**TASK DESCRIPTION**
How many lines of the listing contain the string "Seal"? Only the number is wanted.

◆ ◆ ◆ ◆

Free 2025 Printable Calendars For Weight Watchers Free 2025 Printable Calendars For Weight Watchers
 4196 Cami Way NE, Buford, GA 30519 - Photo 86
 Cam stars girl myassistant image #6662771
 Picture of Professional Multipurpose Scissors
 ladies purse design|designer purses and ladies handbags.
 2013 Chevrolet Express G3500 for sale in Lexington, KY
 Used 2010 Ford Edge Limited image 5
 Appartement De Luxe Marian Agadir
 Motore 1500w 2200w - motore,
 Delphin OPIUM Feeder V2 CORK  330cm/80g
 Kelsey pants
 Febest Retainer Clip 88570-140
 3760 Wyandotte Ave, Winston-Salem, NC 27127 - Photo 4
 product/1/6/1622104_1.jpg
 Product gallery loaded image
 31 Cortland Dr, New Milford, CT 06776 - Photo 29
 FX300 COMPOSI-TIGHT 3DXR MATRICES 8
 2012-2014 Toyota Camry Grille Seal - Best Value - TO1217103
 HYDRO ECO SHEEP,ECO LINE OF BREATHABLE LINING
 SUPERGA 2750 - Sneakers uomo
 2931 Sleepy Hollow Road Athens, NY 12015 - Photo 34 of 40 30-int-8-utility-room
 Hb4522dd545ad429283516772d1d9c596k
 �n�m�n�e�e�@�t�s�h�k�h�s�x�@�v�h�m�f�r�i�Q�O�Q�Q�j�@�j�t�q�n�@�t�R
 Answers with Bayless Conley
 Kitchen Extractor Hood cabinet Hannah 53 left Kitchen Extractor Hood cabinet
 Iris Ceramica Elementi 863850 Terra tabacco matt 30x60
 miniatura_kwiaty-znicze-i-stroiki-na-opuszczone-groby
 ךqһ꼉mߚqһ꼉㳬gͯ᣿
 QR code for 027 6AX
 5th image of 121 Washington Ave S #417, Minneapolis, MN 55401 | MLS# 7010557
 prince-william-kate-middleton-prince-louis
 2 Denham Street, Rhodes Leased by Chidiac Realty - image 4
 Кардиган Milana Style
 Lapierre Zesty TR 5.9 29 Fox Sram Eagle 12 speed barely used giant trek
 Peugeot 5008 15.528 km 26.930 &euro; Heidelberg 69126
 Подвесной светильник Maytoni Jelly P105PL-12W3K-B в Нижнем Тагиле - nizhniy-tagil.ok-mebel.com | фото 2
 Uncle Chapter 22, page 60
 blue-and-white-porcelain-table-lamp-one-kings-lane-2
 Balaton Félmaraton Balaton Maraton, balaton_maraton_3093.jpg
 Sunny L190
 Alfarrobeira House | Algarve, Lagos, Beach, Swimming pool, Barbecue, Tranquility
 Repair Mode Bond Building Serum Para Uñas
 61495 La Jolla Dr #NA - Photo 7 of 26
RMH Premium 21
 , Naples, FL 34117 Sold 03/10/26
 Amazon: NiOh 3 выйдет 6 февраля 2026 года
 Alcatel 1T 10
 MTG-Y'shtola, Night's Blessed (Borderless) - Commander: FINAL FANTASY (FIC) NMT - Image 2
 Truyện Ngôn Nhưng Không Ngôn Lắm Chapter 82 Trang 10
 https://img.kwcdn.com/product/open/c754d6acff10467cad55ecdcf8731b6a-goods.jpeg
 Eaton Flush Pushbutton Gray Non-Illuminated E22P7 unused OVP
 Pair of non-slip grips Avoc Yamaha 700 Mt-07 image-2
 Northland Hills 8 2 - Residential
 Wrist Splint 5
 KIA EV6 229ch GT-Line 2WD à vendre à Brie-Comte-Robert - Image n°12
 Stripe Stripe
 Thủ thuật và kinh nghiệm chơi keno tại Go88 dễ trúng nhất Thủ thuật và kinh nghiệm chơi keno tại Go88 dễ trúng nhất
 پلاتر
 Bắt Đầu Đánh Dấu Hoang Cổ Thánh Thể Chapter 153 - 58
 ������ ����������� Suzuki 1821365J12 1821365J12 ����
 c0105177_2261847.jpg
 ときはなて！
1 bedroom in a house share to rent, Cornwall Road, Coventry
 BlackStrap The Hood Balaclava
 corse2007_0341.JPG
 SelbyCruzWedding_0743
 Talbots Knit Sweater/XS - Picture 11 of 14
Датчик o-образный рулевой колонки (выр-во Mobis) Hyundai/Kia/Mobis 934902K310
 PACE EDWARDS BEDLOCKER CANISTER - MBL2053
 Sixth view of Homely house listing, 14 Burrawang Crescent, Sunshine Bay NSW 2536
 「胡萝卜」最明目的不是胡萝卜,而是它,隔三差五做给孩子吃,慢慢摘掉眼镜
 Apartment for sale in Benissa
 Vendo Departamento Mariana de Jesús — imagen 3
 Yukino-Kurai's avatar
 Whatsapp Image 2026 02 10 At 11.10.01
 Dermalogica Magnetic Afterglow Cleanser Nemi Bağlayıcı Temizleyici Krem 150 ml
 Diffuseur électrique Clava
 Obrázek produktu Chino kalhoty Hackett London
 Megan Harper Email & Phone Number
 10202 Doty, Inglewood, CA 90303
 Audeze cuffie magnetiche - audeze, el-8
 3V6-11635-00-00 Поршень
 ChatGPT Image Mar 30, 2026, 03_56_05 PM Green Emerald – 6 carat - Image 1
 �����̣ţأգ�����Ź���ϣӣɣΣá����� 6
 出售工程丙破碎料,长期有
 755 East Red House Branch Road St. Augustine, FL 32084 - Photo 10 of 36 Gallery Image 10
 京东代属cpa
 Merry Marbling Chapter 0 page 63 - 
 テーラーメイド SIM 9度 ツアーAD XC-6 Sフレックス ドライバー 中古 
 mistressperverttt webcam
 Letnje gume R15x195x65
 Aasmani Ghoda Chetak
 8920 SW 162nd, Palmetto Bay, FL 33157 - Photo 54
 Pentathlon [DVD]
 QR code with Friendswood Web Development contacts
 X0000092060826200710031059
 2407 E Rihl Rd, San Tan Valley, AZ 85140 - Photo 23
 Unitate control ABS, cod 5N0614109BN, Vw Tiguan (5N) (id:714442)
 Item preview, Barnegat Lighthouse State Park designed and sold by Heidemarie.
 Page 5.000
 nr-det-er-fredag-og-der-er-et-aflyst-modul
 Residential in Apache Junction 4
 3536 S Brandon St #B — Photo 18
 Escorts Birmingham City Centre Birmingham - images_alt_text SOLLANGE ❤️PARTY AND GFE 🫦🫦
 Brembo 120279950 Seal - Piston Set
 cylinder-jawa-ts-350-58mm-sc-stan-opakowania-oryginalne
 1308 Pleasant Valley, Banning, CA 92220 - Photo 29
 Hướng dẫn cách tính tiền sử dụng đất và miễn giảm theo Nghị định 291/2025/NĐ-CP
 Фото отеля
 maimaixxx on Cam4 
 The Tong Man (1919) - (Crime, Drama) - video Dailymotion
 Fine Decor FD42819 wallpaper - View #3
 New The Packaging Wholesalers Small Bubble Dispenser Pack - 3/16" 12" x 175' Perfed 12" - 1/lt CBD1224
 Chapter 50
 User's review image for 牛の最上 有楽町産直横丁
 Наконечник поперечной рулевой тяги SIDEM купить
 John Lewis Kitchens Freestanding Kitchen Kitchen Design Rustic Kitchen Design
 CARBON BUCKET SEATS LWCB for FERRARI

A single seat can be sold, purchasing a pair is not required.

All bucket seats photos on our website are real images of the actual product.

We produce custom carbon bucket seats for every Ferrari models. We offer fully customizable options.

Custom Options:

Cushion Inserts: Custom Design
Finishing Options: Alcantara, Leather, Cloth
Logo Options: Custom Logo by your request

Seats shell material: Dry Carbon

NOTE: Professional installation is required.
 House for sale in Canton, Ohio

◆ ◆ ◆ ◆

**ANSWER TO THIS PROBLEM**
2